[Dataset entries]
== == ==
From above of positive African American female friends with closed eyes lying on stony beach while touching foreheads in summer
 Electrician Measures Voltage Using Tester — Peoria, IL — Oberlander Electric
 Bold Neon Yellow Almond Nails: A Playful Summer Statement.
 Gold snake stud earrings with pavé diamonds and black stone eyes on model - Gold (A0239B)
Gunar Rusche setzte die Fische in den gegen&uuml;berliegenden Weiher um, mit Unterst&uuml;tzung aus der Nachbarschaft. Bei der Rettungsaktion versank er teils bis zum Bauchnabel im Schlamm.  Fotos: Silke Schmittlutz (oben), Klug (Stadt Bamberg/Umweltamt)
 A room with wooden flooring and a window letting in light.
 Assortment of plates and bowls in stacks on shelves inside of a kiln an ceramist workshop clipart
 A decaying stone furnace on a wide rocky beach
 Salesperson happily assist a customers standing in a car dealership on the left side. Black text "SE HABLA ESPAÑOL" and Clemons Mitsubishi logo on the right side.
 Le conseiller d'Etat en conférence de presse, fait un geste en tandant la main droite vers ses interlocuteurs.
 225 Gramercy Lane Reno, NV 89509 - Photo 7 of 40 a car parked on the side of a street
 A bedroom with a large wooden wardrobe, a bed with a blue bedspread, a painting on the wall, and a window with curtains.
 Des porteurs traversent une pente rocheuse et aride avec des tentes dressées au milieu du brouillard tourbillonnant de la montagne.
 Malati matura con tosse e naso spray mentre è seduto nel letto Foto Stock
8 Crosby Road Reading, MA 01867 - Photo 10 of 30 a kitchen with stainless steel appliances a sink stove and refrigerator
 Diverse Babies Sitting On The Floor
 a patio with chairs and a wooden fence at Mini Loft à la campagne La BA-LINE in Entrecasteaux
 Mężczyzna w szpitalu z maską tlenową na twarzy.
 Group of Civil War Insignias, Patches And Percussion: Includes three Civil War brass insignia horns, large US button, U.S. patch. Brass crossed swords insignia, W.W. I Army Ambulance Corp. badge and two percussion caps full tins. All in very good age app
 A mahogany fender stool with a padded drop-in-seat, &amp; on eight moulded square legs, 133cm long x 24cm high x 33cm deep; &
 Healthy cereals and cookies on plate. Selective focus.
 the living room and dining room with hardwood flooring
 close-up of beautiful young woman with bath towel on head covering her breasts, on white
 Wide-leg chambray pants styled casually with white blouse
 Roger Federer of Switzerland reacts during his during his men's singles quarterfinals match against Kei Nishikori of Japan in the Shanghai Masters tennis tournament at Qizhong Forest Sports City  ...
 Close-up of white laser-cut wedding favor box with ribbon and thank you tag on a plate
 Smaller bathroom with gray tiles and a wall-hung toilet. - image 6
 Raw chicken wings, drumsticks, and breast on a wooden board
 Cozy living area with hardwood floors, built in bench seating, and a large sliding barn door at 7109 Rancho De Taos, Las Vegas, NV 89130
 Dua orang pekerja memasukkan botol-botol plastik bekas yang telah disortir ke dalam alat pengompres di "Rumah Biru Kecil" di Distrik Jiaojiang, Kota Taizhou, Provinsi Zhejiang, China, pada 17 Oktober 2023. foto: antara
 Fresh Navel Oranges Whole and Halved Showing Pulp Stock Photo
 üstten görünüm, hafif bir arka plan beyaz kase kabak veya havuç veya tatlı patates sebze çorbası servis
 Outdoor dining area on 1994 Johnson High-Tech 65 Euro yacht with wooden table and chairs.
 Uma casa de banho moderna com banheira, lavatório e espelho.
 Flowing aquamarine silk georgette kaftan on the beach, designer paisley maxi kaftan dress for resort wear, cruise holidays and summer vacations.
== == ==
Above are the records. Print exactly, and only, the lines from the line with "Raw chicken wings, drumsticks, and" to the line with "Cozy living area", both inclusive.

 Raw chicken wings, drumsticks, and breast on a wooden board
 Cozy living area with hardwood floors, built in bench seating, and a large sliding barn door at 7109 Rancho De Taos, Las Vegas, NV 89130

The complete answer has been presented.